What is being asked
In how many lines of the records below does the word "young" appear? Reply with the number only.
[Source data Boundary: Start]
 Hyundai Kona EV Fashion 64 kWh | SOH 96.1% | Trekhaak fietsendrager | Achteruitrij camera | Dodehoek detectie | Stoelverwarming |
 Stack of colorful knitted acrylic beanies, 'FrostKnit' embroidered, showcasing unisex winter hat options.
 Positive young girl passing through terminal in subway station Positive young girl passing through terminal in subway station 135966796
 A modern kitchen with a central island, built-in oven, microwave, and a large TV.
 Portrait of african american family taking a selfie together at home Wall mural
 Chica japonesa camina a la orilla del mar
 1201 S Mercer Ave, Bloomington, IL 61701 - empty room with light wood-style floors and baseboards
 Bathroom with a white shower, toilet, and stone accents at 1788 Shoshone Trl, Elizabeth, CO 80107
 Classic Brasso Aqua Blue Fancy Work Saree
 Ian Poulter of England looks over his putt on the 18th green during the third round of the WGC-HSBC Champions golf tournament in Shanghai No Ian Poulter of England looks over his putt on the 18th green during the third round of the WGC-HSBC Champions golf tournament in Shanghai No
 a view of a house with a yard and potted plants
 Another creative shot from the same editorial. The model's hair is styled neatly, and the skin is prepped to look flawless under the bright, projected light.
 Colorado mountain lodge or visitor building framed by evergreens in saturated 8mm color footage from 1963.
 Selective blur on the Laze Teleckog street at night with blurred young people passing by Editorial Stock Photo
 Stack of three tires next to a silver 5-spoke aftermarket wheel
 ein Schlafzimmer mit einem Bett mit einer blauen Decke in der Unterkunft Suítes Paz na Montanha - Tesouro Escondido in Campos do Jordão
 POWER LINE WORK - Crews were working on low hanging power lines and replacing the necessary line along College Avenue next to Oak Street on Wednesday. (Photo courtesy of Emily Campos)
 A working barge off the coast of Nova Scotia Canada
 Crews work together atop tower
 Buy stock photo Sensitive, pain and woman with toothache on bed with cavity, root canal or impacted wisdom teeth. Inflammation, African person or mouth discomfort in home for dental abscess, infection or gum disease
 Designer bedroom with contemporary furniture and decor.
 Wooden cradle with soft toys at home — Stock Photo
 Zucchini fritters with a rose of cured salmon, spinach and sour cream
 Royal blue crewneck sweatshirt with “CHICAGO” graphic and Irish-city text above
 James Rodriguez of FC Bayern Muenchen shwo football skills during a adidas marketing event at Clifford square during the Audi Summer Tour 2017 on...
[Source data Boundary: End]
Your solution
2